If you find that this approach may be more feasible once your organization has grown further, there are a number of different methods you can take to onboard and train your new employees right now. Use the talent you have in house to develop a mentoring program or utilize training videos and live webinars that employees can watch at their desks. Let's take a look at a couple of training methods that will help your new employees' develop the skills they need:
Give your team the tools it needs to learn on its own with virtual training methods. Virtual training uses technology to automate or virtualize some aspect of a training initiative, and it has enormous potential for most organizations. While traditional training can be very effective when a hands-on element is required, from a cost standpoint, virtual training can save your company significant funds. No matter the type you determine to be best for your learners, virtual training has clear strengths and advantages. Here's a list of options that deliver the benefits we listed above:
- Video training
- Live webinars
- Remote classes
- Custom modules
Want to free up your time? Empower your employees to take the lead
"An employee who clearly understands the core values, purpose and direction of the company can easily make consistent decisions and take appropriate action at any junction," writes Kevin Daum in a contribution to Inc. "It's on you as the leader to impart your vision. That's how you lead." Without clear direction, your employees simply can't succeed.
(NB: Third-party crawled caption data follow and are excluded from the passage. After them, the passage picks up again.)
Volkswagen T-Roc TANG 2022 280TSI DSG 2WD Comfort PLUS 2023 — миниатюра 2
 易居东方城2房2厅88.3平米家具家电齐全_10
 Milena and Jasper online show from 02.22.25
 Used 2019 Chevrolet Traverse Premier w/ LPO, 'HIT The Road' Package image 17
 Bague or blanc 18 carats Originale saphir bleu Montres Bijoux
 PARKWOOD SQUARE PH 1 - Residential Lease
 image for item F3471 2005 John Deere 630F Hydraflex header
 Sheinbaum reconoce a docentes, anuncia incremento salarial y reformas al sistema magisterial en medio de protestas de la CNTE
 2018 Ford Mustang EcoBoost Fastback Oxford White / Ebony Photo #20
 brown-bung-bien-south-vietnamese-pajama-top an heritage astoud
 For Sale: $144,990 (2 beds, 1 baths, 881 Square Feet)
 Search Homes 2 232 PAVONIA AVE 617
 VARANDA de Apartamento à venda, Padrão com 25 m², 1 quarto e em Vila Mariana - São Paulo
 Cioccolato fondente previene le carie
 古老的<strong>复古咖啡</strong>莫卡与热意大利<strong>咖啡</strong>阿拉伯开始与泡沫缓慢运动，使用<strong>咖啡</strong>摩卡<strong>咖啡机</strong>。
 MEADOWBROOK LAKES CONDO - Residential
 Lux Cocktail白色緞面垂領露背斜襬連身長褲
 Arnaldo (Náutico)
Daum continues: "People who don't know what they are supposed to do can't do it very well. Additionally, they need to know their boundaries so they don't step on others' toes or create inefficiency through redundancy." Put simply, sometimes all you need to do is open up the conversation with management to see what each department needs to become more efficient and productive.
With the information you gather from each manager, you can then identify the skills your new hires need to maintain peak performance and tailor a training program around that. Frankly, your employees can't succeed if they don't know what void they need to fill. When you establish clear roles and assign achievable tasks, however, you can empower each one of your employees to take the initiative to grow within the department and, ultimately, the company.